Myśliwi używają terminu "pozyskanie". Zwierzynę łowną się pozyskuje. Do celów spożywczych i nie tylko.MetalHunterPL pisze: Morduje to przenośnia od eliminacji... Eliminacja, czy teraz znowu coś ci nie pasuje? Może strzał z skutkiem śmiertelnym? :)
Morduje - psychopata, albo morderca.
Eliminuje - snajper na wojnie.
Strzał ze skutkiem śmiertelnym - eufemizm na zabójstwo.
Skuteczne pozyskanie zwierzyny oznacza strzał w "komorę", czyli serce, albo w szyję.

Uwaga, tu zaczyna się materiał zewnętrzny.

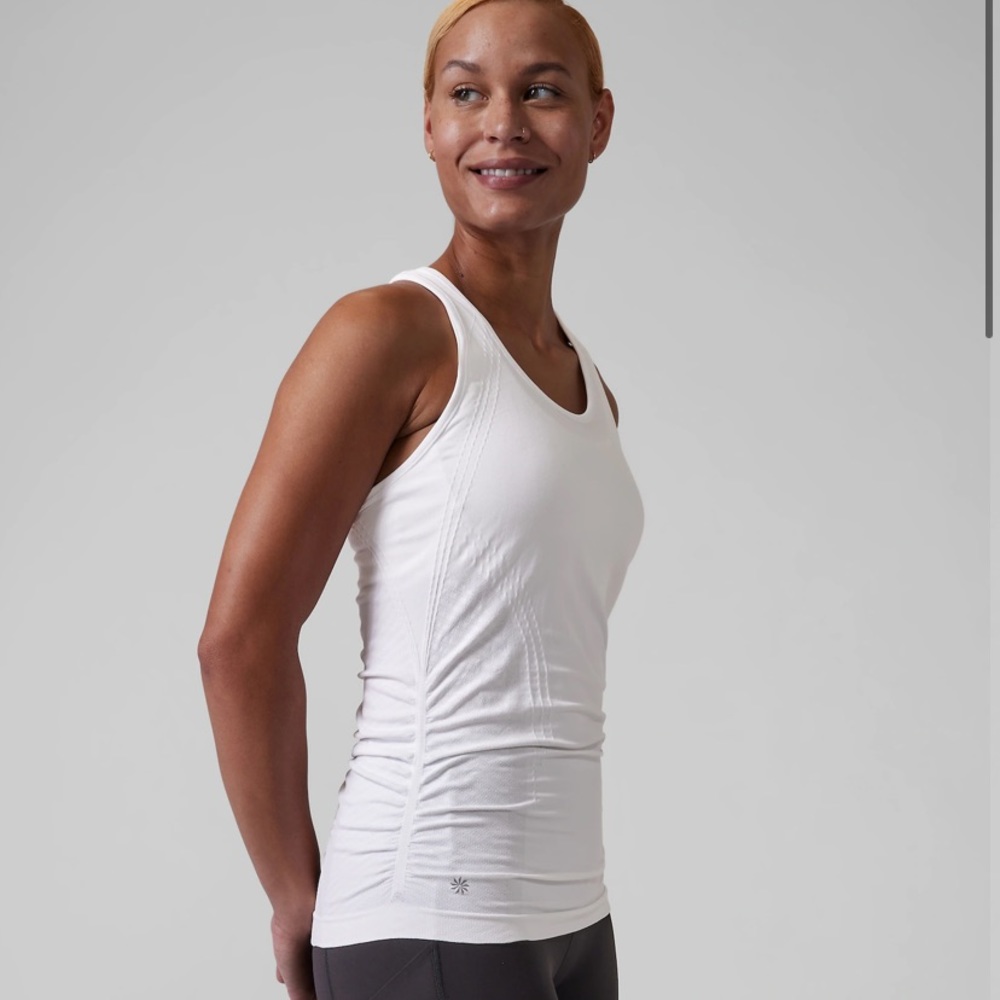 NWT Athleta Speedlight Tank in Ballerina Gown XS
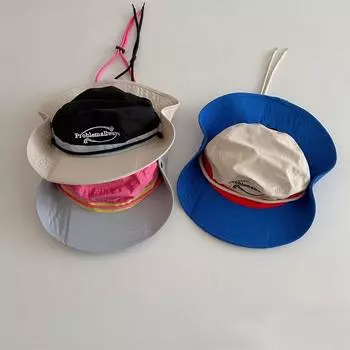 Весенняя шляпа для скалолазания 2025 года, подходящая по цвету шляпа-ведро для путешествий на открытом воздухе, мужская и женская шляпа-ведро с козырьком, кепка для кемпинга M56-58cm чёрный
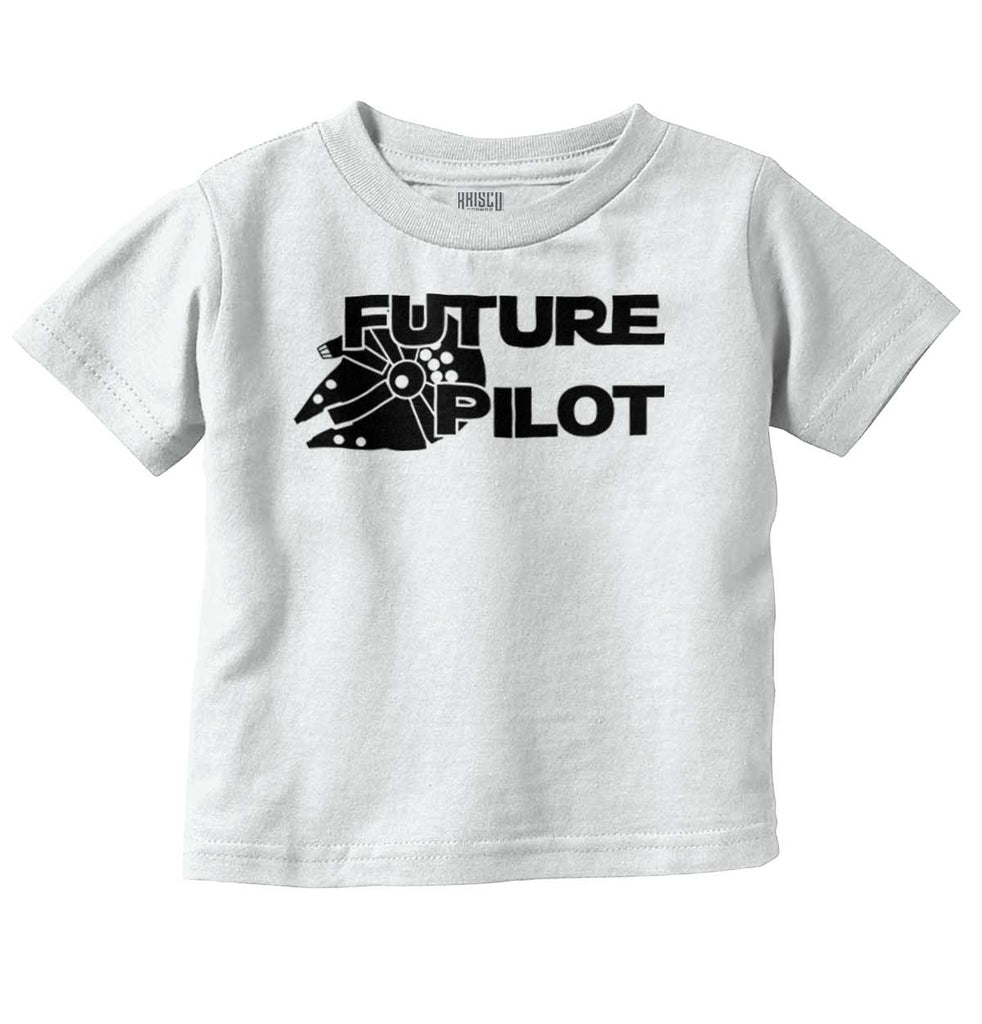 Future Pilot Infant Toddler T Shirt-Direct To Garment Print-Brisco Baby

Mózg u zwierząt łownych jest zbyt małym celem, by stanowić dobry cel. Po drugie czaszka wielu zwierząt jest znacznie mocniejsza od np. ludzkiej.
Kula może się ześlizgnąć po kości. Nawet w tej grze. W przypadku niektórych zwierząt, czaszka to niema tarcza kuloodporna.

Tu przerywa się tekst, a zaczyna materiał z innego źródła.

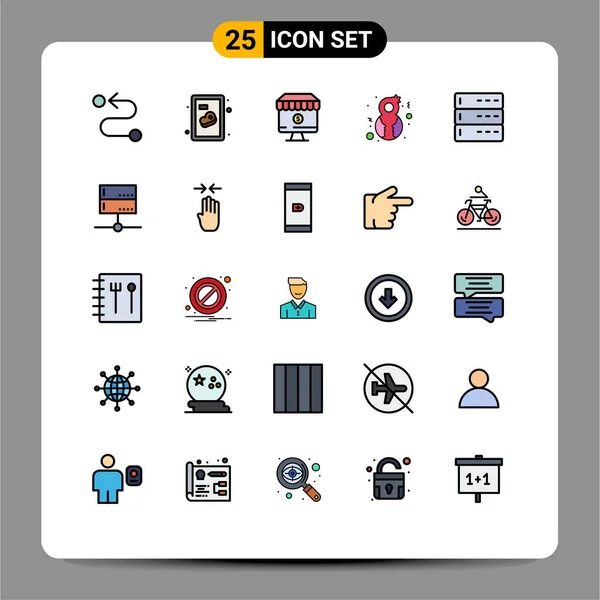 Set Modern Icons Symbols Signs Devices Admin Computer Woman Female — Stock Vector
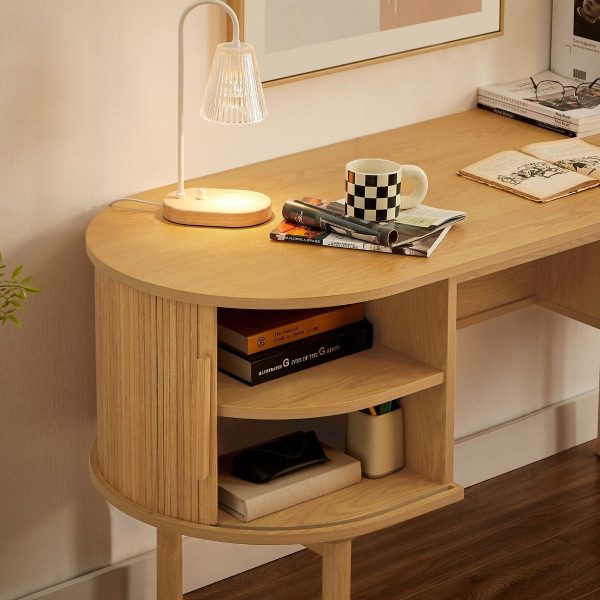 Tate Wooden Curved Desk Sale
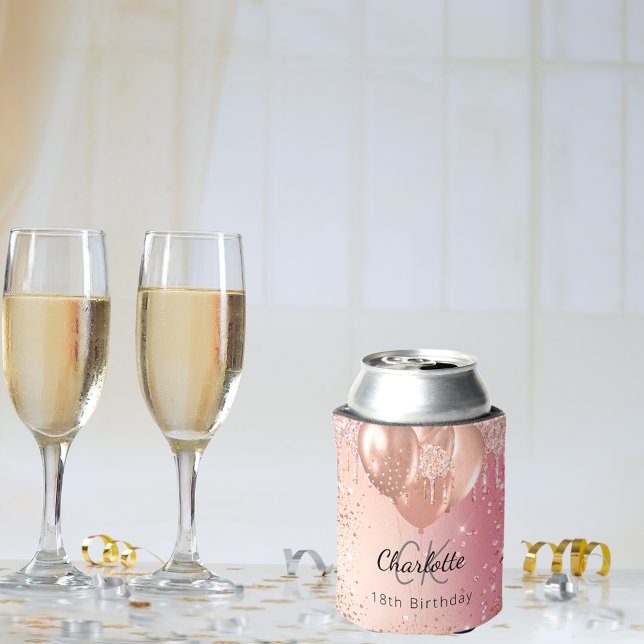 Rose Rosa Goldballons Dosenkühler (Von Creator hochgeladen)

Dlatego mierzy się w serce lub szyję.
Serce i płuca - wiadomo. Postrzał jest śmiertelny. Kiedy zwierzyna jest bokiem, wystarczy mierzyć na wysokości przedniej nogi, nieco poniżej połowy tułowia.
Szyja natomiast zawiera kręgosłup z rdzeniem kręgowym, oraz główne tętnice. Zapoznaj się z procesem powstawania rany postrzałowej, to będziesz wiedział dlaczego jest to tak wrażliwe miejsce.

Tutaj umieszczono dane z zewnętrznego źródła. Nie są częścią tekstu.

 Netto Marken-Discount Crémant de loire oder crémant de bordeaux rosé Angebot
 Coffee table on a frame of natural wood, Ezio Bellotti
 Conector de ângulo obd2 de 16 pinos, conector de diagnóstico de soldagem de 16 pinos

Po drugie, nie strzela się ze 100 metrów. Tak robią tylko amatorzy.
Myśliwy stara się podejść jak najbliżej, nie będąc zauważonym, żeby skutecznie ocenić zwierzę i podjąć decyzję czy warto je pozyskać.
Należy bowiem pamiętać, że strzał wypłasza całą zwierzynę z okolicy, także tę, której nie widzisz. A może być tam znacznie cenniejsza sztuka. Normą jest np. że jak idzie stado byków, to najlepsze idą na końcu i w pewnej odległości za stadem. Strzał do pierwszego, jest wówczas straconą szansą.
Ideałem, jest strzał z poniżej 20m. Tak, by własnym okiem dojrzeć statystyki zwierzęcia.
Myśliwy to nie snajper w Afganistanie.